The Yellowstone Heritage and Research Center (HRC), which houses one of the largest collections of historic and cultural artifacts in the National Park Service system, welcomes a new art exhibit this summer season. The collection pays homage to Hudson River School masters Thomas Moran, Albert Bierstadt, and Sandford Robinson Gifford, and will include bronze sculptures of the three artists by Greg Wyatt. The exhibition will be on display through September 28, 2018.
Moran, Bierstadt, and Gifford are considered some of the most influential late 19th-century American landscape artists. The artistic works of Thomas Moran, in particular, were instrumental in persuading Congress to pass the Yellowstone Park Act — resulting in the creation of Yellowstone National Park. All three artists were members of the Hudson River School — America’s first true artistic fraternity. Hudson River School paintings depict peaceful American landscapes, and often illustrate common 19th-century American themes of discovery, exploration, and settlement.

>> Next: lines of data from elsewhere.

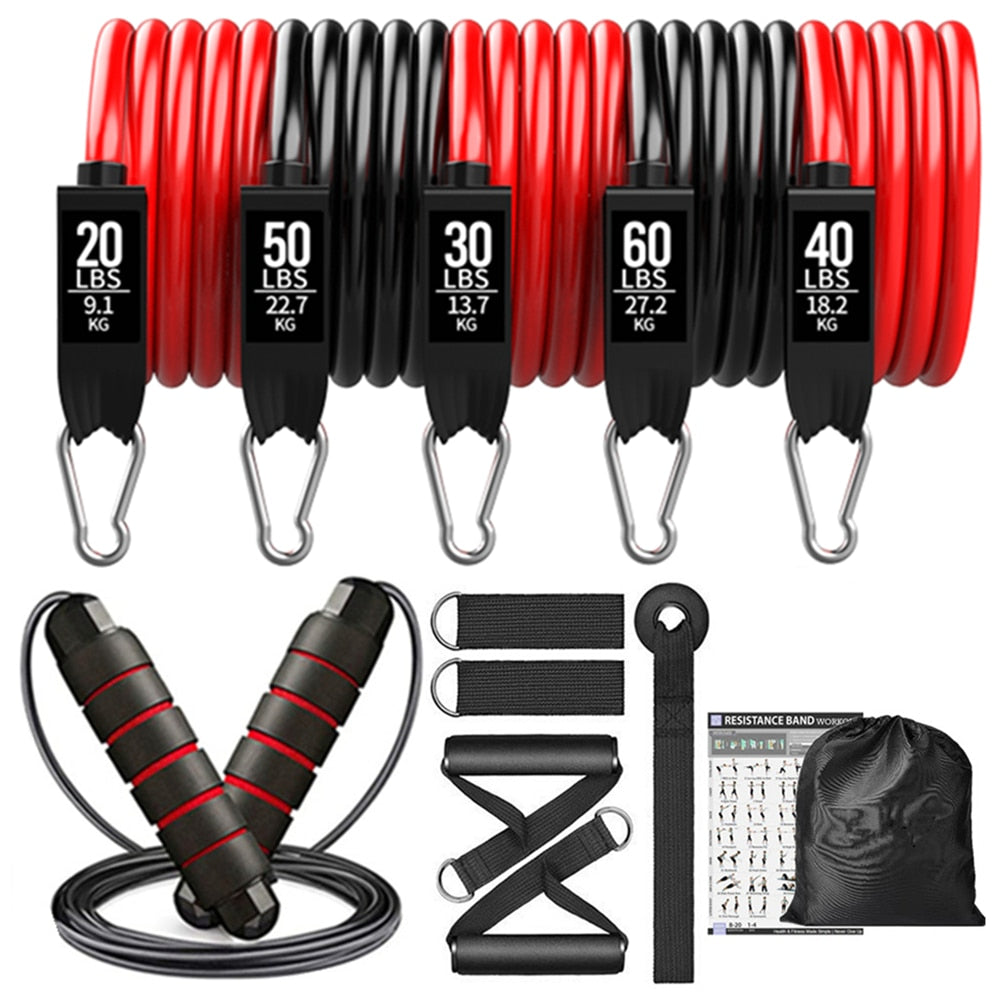 200lbs Fitness Resistance Bands Set. 11/17pcs Exercise Bands Gym Equipment for Home Training/Physical Therapy - twobusybodies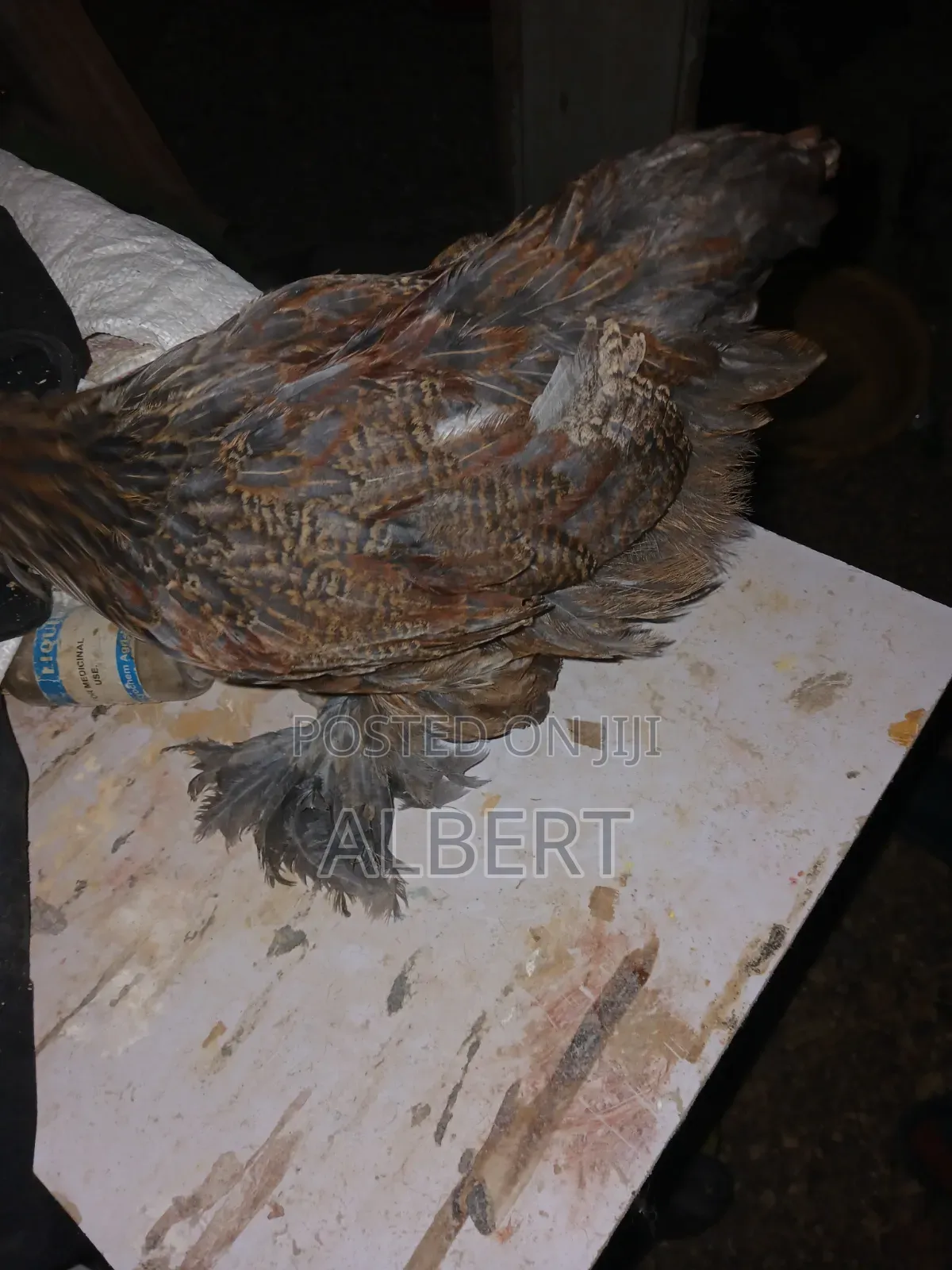 Brahma Chicks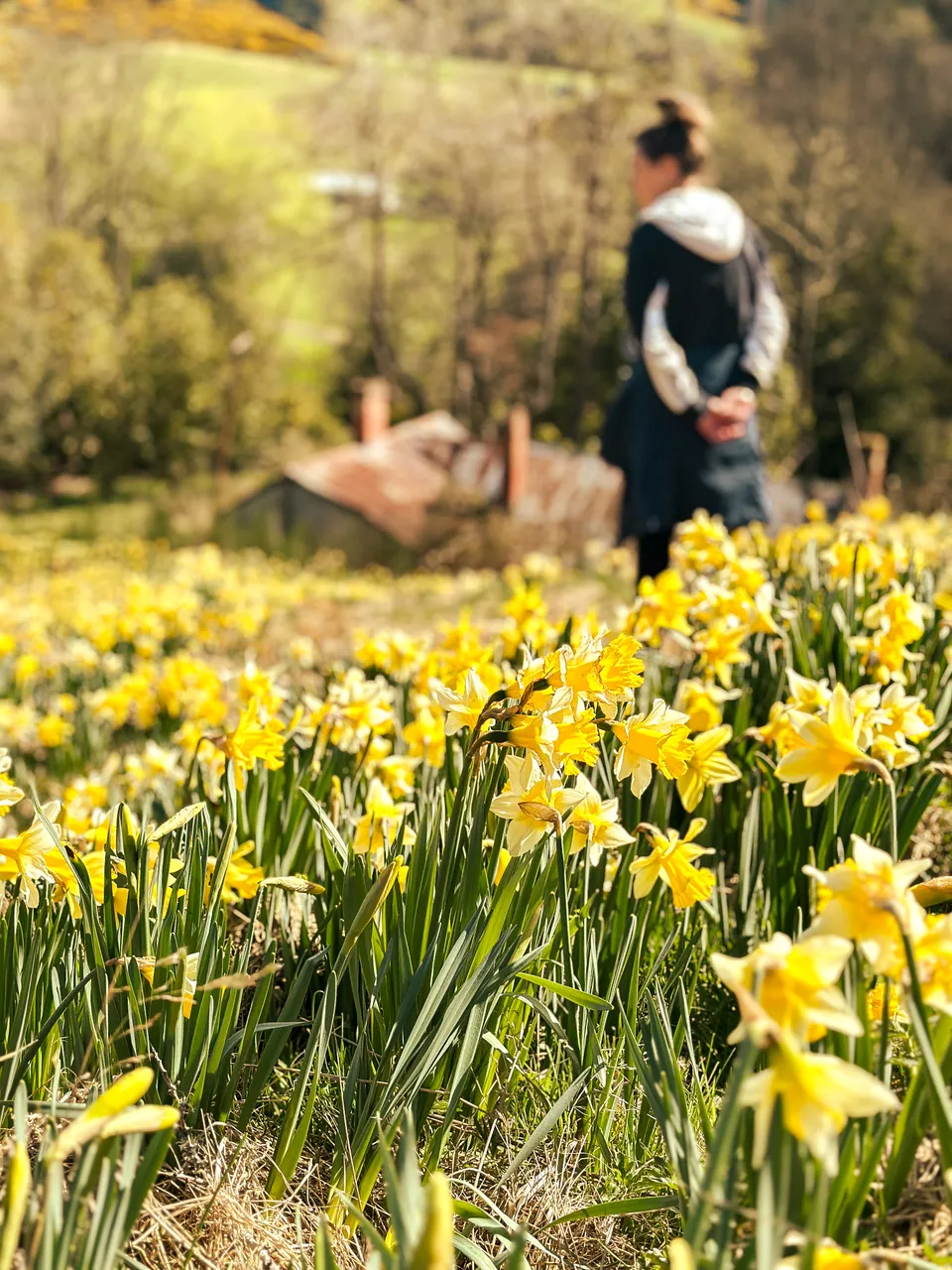 0924-Clutha-Weatherston-Daffodils-28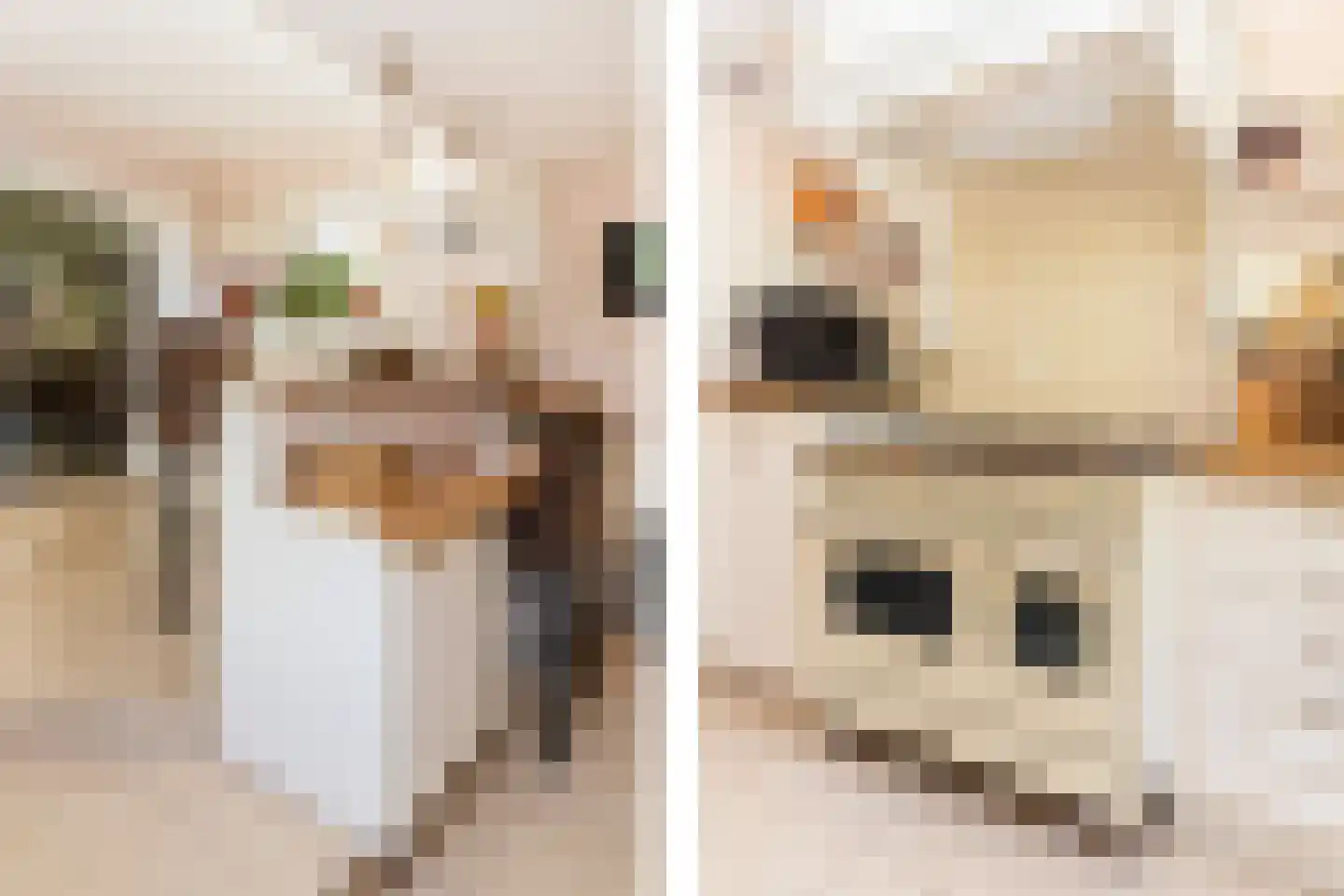 Heulweg 14 Wateringen thumbnail 26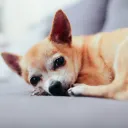 A Chihuahuas dog.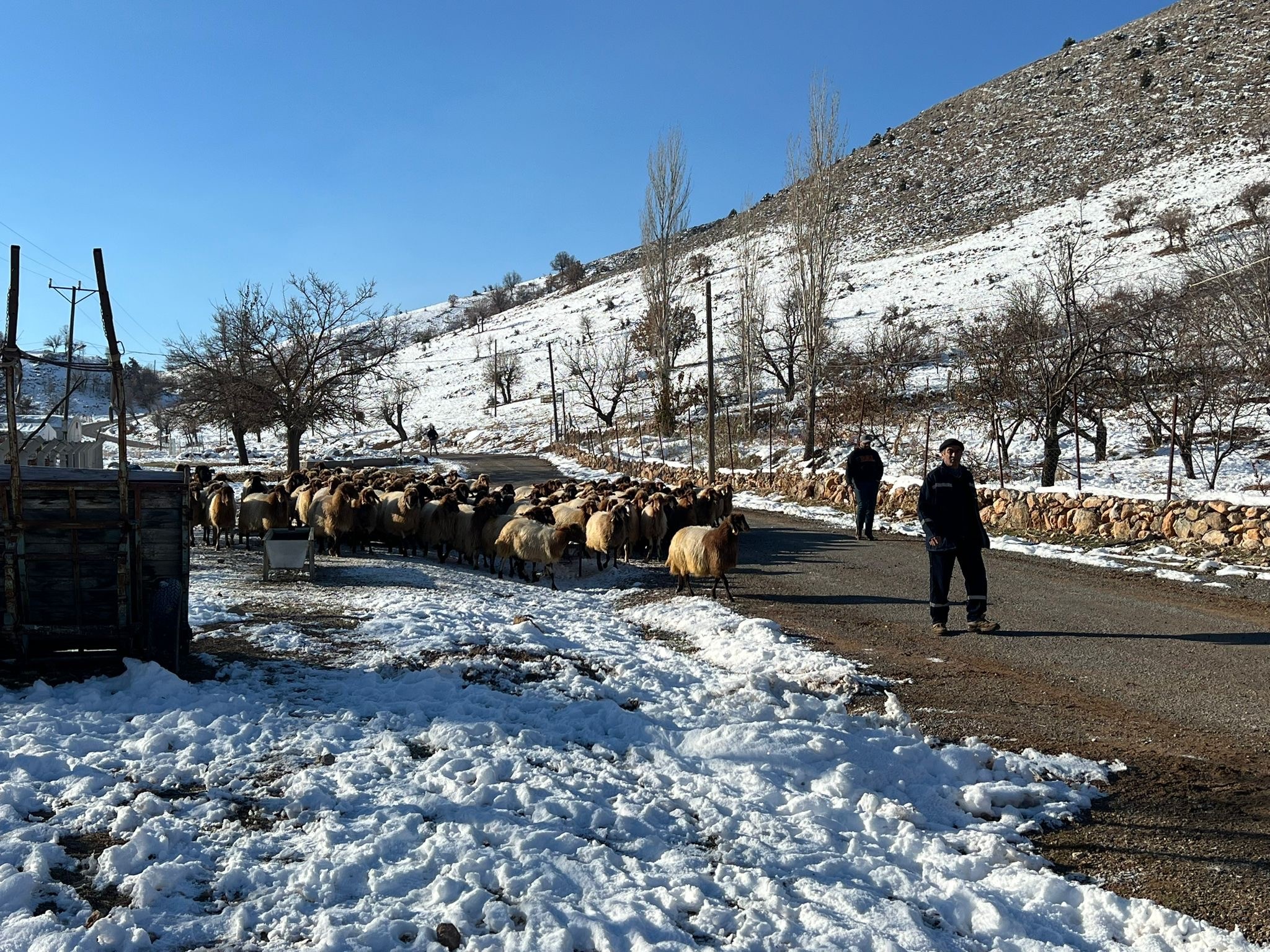Malatya'nın kırsal kesimlerinde, soğuk hava ve zorlu kış koşullarına rağmen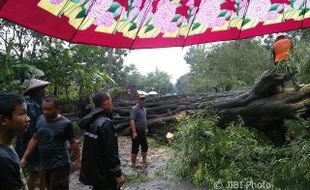 BENCANA SRAGEN : Pohon Berusia 100 Tahun Tumbang Melintang di Jalan Gemolong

Sculptor Greg Wyatt was nurtured in the artistic tradition of his native Hudson River Valley at an early age by his father, Professor William Stanley Wyatt, painter and fine arts professor at Columbia University and the City College of the City University of New York. Greg Wyatt’s style merges realistic images inspired by his readings of the Great Books content with creative masses of form, space and energy. His work appears in collections across the country and around the world, from sculpture gardens and museum collections to state and private collections.
The Yellowstone Heritage and Research Center houses the park’s museum collection, historic archives, herbarium, and research library. The collection includes several million records, a research library with more than 20,000 publications, and more than 720,000 museum items, from historic vehicles to original art prints from Thomas Moran. The facility is located just outside Yellowstone’s North Entrance in Gardiner, Montana.
The exhibition will be on display from May 17 – September 28, 2018. The public is welcome and encouraged to tour the exhibit Monday – Friday from 8:00 a.m. to 5:00 p.m.